B. Perumusan Masalah Kebijakan diversifikasi pangan dicanangkan oleh pemerintah sebagai perwujudan dari sasaran penganekaragaman jenis pangan yang dikonsumsi masyarakat Indonesia dilakukan guna mengurangi ketergantungan dan dampaknya terhadap konsumsi beras. Diversifikasi pangan itu sendiri mencakup lingkup diversifikasi konsumsi pangan dan diversifikasi produksi pangan. Salah satu wujud dari kedua lingkup diversifikasi tersebut dapat dilihat melalui pelaksanaan Program MP3L yang mengembangkan olahan pangan lokal dengan memanfaatkan produksi komoditas pangan lokal serta kebiasaan masyarakat untuk mengonsumsi pangan lokal. Hasil dari program ini adalah terciptanya produk sandingan beras berbahan dasar ubi kayu segar yang dinamakan Beras Siger.
Program MP3L di Provinsi Lampung dilaksanakan mulai tahun 2013 dimana Desa Pancasila Kecamatan Natar merupakan satu-satunya desa di Kabupaten
9
Lampung Selatan Provinsi Lampung yang menjadi pelaksana program tersebut. Terdorong dari tujuan pertama program, yaitu terjadinya diversifikasi konsumsi pangan bebasis pangan lokal, maka pola konsumsi pangan masyarakat sebagai pelaksana program perlu diamati untuk mengukur adopsinya terhadap pelaksanaan program. Pengelola program di Desa Pancasila yang terdiri dari kelompok PKK merupakan sasaran utama penerima Beras Siger yang diproduksi. Namun, kebutuhan Beras Siger terhadap ubi kayu sebagai bahan baku utama produksinya menjadikan petani ubi kayu berperan serta dalam pelaksanaan program, sehingga petani ubi kayu memahami keberadaan program serta turut andil dalam pelaksanaan program, baik dengan turut mengonsumsi Beras Siger maupun dengan mengonsumsi olahan ubi kayu dari hasil panen yang diterimanya. Dalam penelitian ini akan dilakukan pengukuran pola konsumsi pangan petani ubi kayu di Desa Pancasila yang diduga terpengaruh Program MP3L untuk kembali pada pola pangan pokok yang berbasis ubi kayu. Pengukuran tersebut akan dilakukan dengan melihat skor PPH, sedangkan untuk melihat pengaruh program maka akan dibandingkan antara skor PPH petani ubi kayu pelaksana dan non pelaksana Program MP3L.

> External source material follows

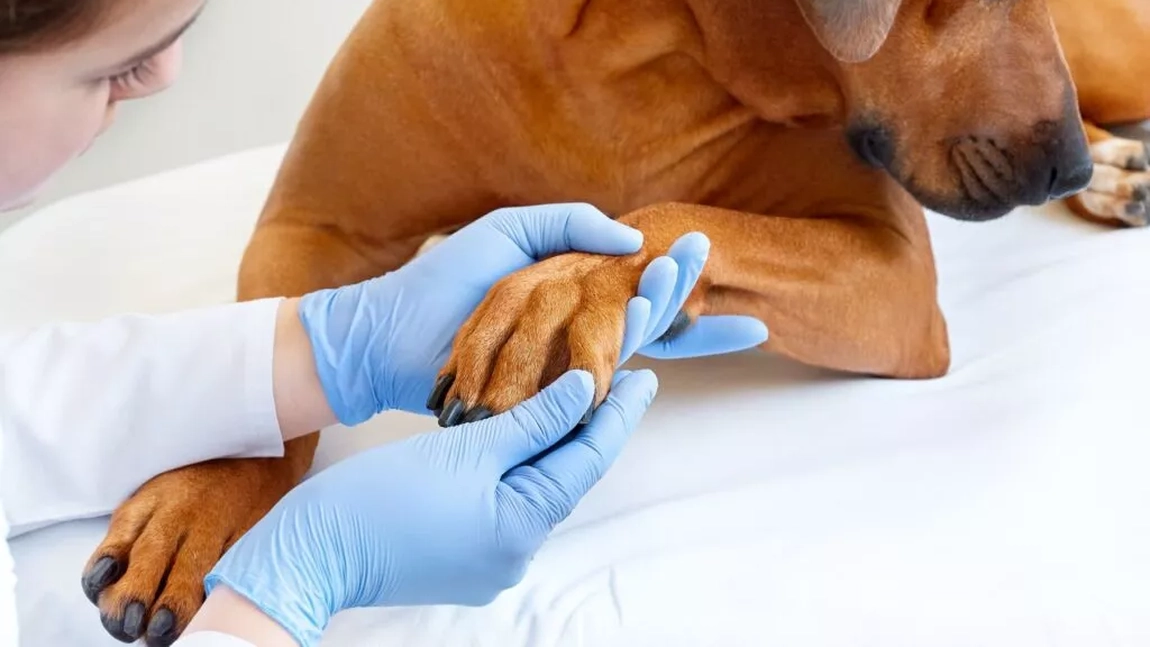 Dermatita la câini – poze. Cum să îl ajuți pe animalul de companie să scape de această problemă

Munculnya Beras Siger sebagai sandingan pangan pokok beras, secara tidak langsung dapat dimanfaatkan guna menekan pengeluaran beras bagi petani ubi kayu di desa pelaksana program. Alokasi lahan petani untuk ditanami ubi kayu jenis manis guna bahan baku Beras Siger sedikit banyak berpengaruh pada pola pangan petani itu sendiri. Hal ini disebabkan oleh karena hasil panen ubi kayu yang diterima petani tidak seluruhnya dikomersilkan
10
melainkan juga dikonsumsi sendiri oleh petani, sehingga petani ubi kayu dapat mengurangi porsi pengeluaran pangan, khususnya beras, dengan mengembalikan pola konsumsi pangannya ke pangan pokok lokal yang berbasis ubi kayu. Harga Beras Siger (Rp 7.000,00) yang lebih rendah dari rata-rata harga beli beras juga menjadi faktor pendukung berkurangnya pengeluaran beras petani ubi kayu di Desa Pancasila, ketika konsumsi berasnya disubtitusikan dengan Beras Siger.

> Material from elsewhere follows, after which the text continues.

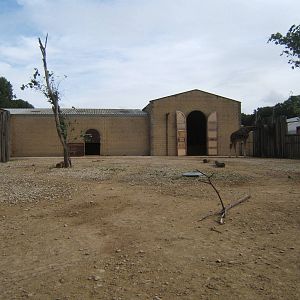 View of Giraffe House and Paddock
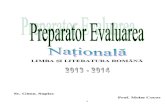 210223289 Preparator Evaluarea Nationala 2014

Ketersediaan ubi kayu jenis manis sangat penting bagi keberlanjutan Program MP3L. Petani ubi kayu berperan penting dalam penyediaan bahan baku Beras Siger. Untuk mencukupi kebutuhan produksi Beras Siger, maka petani berupaya menyediakan ubi kayu dengan mengusahatanikan ubi kayu jenis manis pada lahan pertaniannya. Kegiatan produksi Beras Siger seharusnya memotivasi petani ubi kayu di Desa Pancasila untuk terus menyediakan ubi kayu jenis manis sebagai bahan dasar pembuatannya, sehingga upaya pemenuhan kebutuhan produksi Beras Siger akan dilakukan petani. Salah satu upaya yang dapat dilakukan adalah dengan memperluas alokasi lahannya untuk ditanami ubi kayu jenis manis. Berdasarkan uraian di atas, maka dapat diidentifikasi beberapa permasalahan yang akan dikaji dalam penelitian ini, yaitu: 1.

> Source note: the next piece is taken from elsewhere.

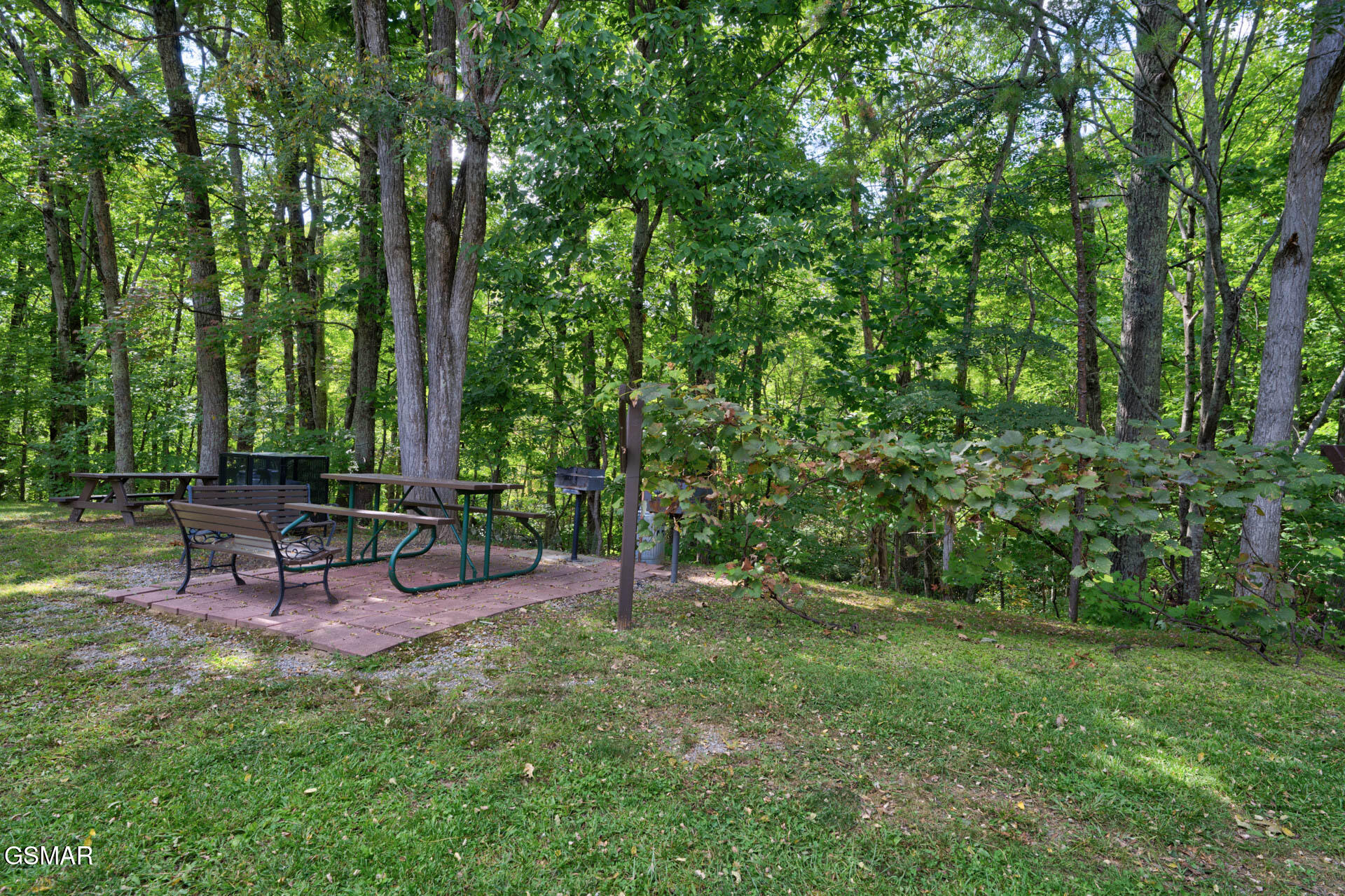 1081 Cove Road Sevierville TN 37876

Bagaimana pengaruh Program MP3L terhadap pola alokasi lahan tanaman ubi kayu oleh petani ubi kayu di desa pelaksana Program MP3L di Kabupaten Lampung Selatan?
11
2.
Bagaimana pengaruh Program MP3L terhadap pengeluaran beras petani ubi kayu di desa pelaksana Program MP3L di Kabupaten Lampung Selatan?
3.
Bagaimana pengaruh Program MP3L terhadap pola konsumsi pangan petani ubi kayu di desa pelaksana Program MP3L di Kabupaten Lampung Selatan?
C. Tujuan Penelitian
Berdasarkan uraian latar belakang dan masalah yang ada, maka penelitian ini bertujuan untuk mengetahui dan menganalisis pengaruh Program MP3L di Kabupaten Lampung Selatan dengan membandingkan: 1.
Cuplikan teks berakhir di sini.